Action and coordination at national level need to accompany transboundary cooperation, which is mostly supported by the GEF project (main activities initiated in 2008). Harmonization of management approaches and instruments is an imperative in the long term. The establishment of a sustainable fishery strategy and further action for pollution reduction and prevention are among the priorities. Detailed hydrogeological mapping and investigation of the relationships between karst groundwater and groundwater of the alluvial deposits with Skadar/Shkoder Lake (through the development of the Lake watershed area hydrological model), monitoring of surface and groundwater, water demand management measures, groundwater abstraction control, vulnerability mapping for land use planning, and protection zones for drinking water supply also need to be applied, established or improved.

Trends

A well-defined pollution trend cannot be established for the lake, due to the lack of continuous data; water quality seems to have been varying in space and time.

Tourism is considered to be a major economic driver in both parts of the basin. Moreover, four dams are planned for construction in the Morača – the main tributary of Skadar/Shkoder Lake, flowing through Montenegro. The project has been anticipated in the Spatial Plan of Montenegro.

The impacts on the lakes-rivers-wetlands-groundwater system of the current economic development proposals and plans in both countries that involve alternative uses of water and the water bodies need to be clearly understood, before any decision is taken.

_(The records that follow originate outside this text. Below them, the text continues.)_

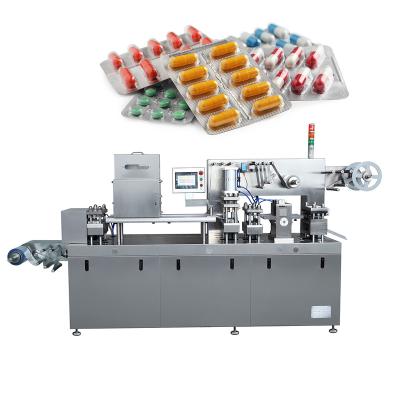 China High Frequency Food PPL-180H Blister Packing Machine Small Medical Simple Plastic Blister Machine Automatic Alu Foil for sale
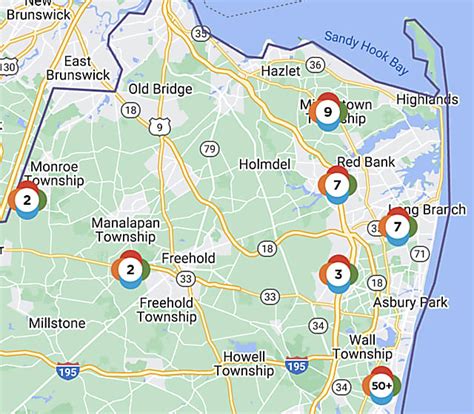Jcpandl power outages monmouth county nj. Jersey Central Power and Light. Report an Outage. (888) 544-4877 Report Online. View Outage Map. Outage Map. 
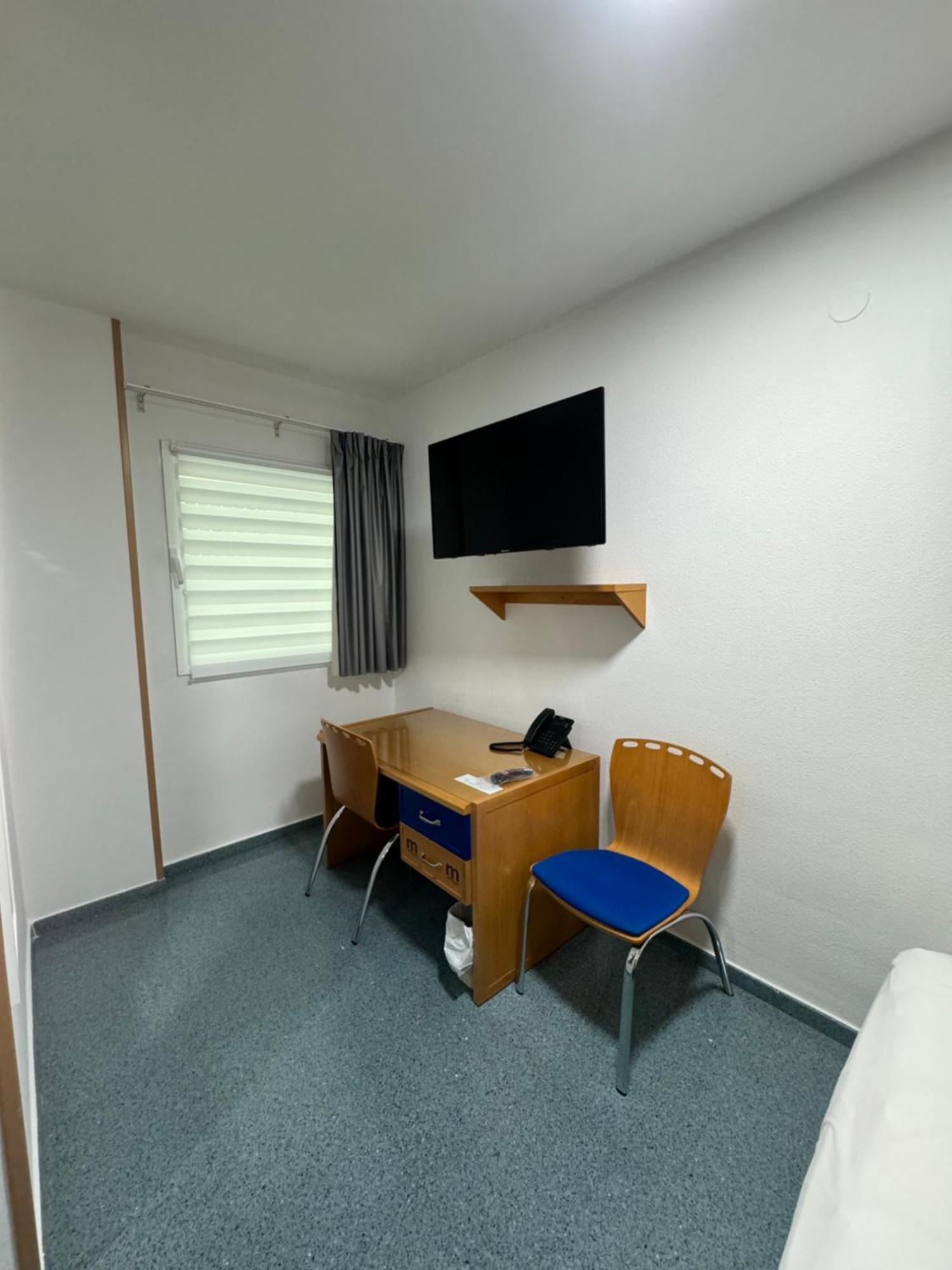 Residencia Mediterraneo San Vicente Raspeig Exterior photo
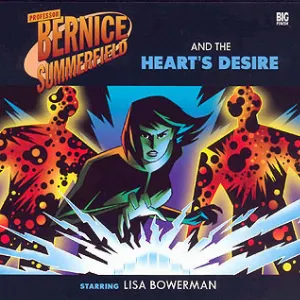 Pochette de Bernice Summerfield: The Heart's Desire de Lisa Bowerman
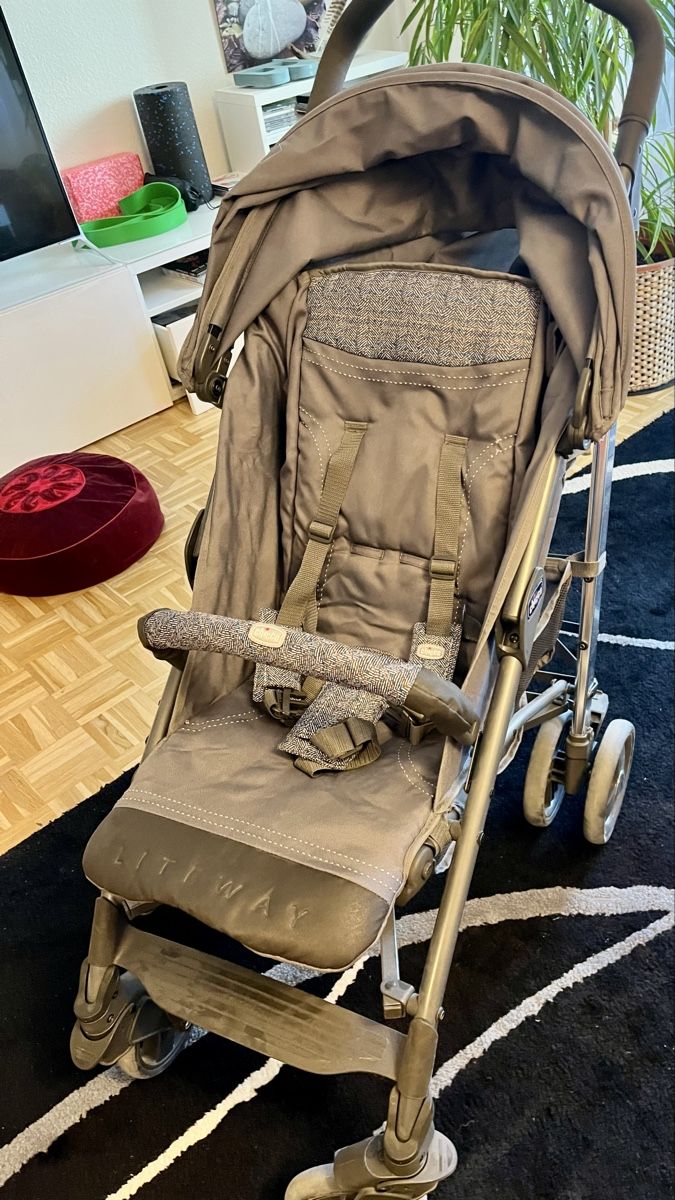 Chicco Poussette: Original Chicco LITEWAY Buggy – Neuf (Voir description) à Wittenbach par sambuk 1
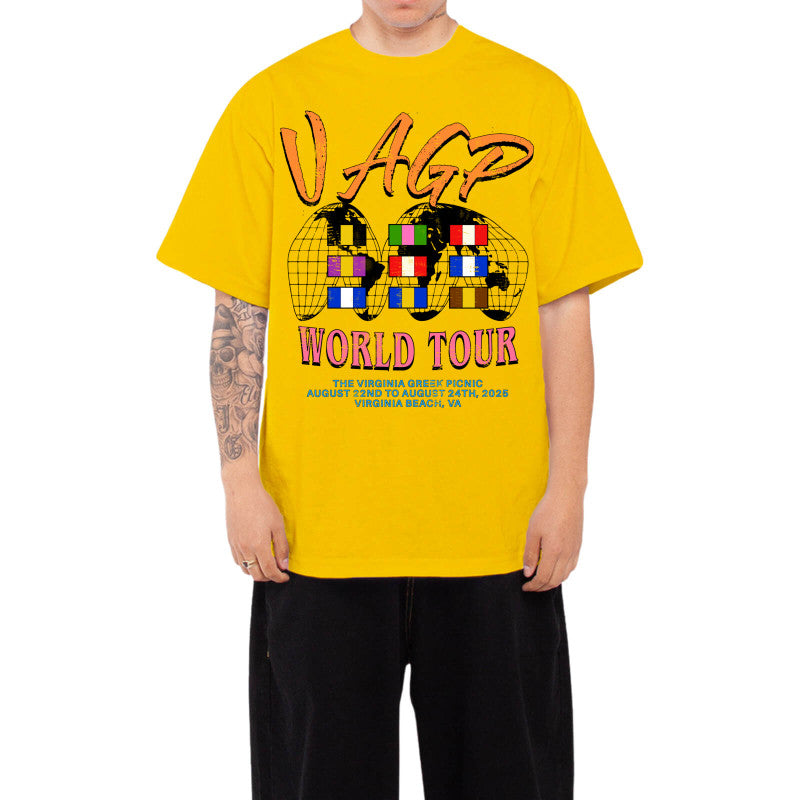 VAGP 2025 Official T-Shirt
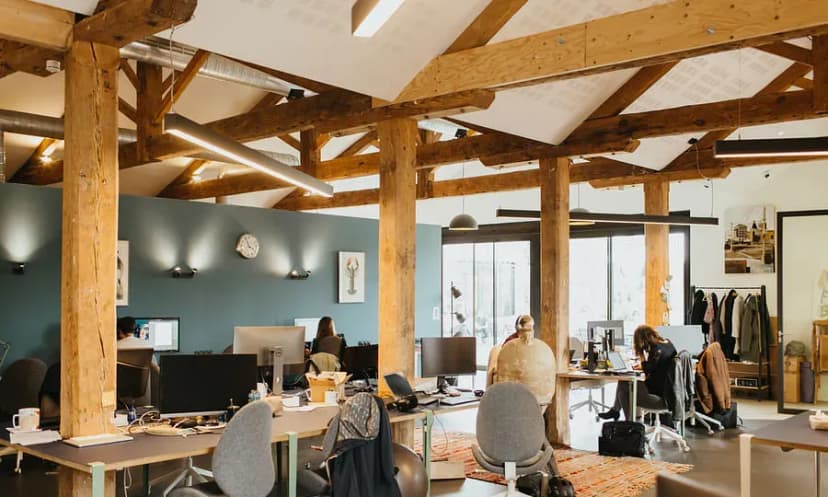Mota Coworking - Manutention — photo 4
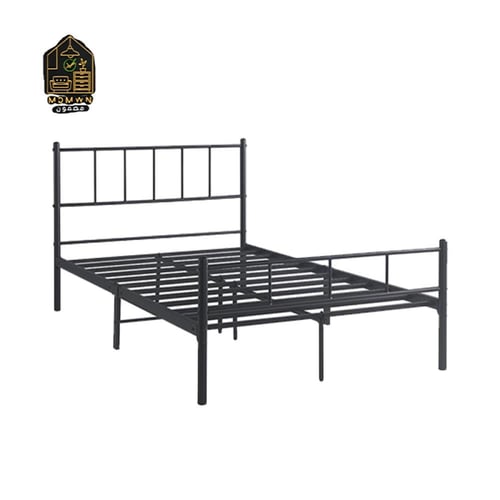 سرير حديد متين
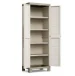Keter Excellence Opbergkast hoog - 4 planken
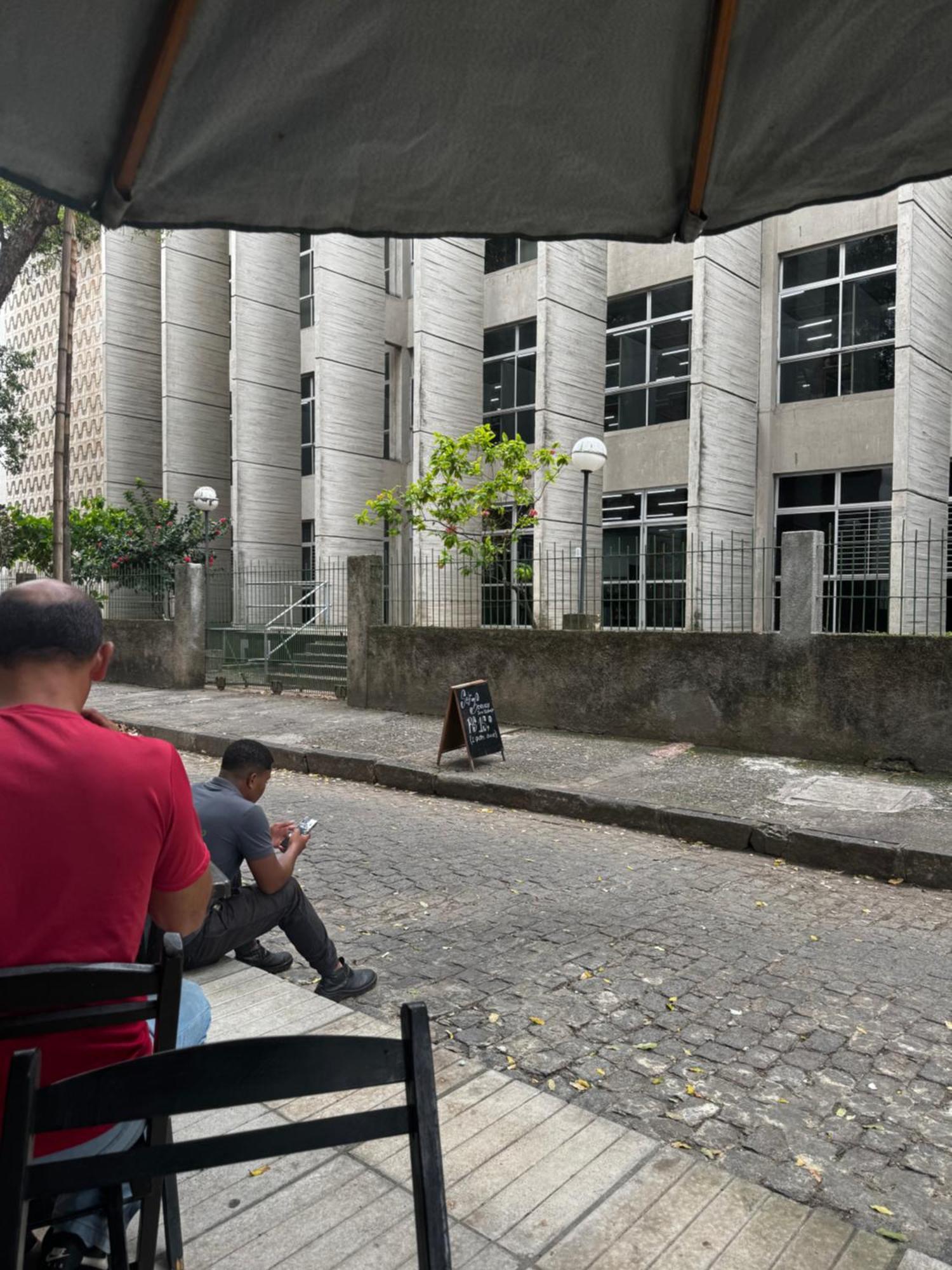 Pousada Alameda Boa Vista Recife Kültér fotó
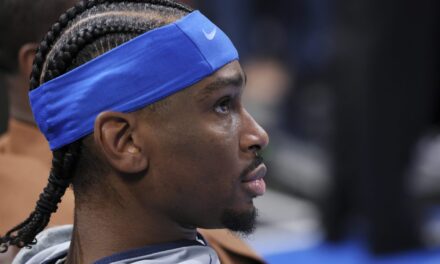 Finals things to know: Shai nearing a milestone, and don’t expect close games
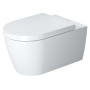 Унитаз подвесной DURAVIT ME BY STARCK 2529090000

Transboundary cooperation in the “extended” Drin Basin

The Drin Basin needs to be managed as an entity to ensure effective and sustainable management of water and ecosystems. Although there is an established cooperation between the riparian countries in the sub-basins of Prespa, Ohrid and Skadar/Shkoder Lakes, there is no such cooperation at the “extended” Drin Basin level. Albania, the former Yugoslav Republic of Macedonia, Greece, and the European Commission signed an agreement on the protection and sustainable development of the Prespa Park Area in February 2010. The Petersberg Phase II/Athens Declaration Process (coordinated by Germany, Greece and the World Bank, supported technically and administratively by GWPMed), acting in cooperation with UNECE, GEF and UNDP, facilitates a regional multi-stakeholder dialogue process, aiming to explore possibilities of moving the level of cooperation from the sub-basin to the Drin Basin level.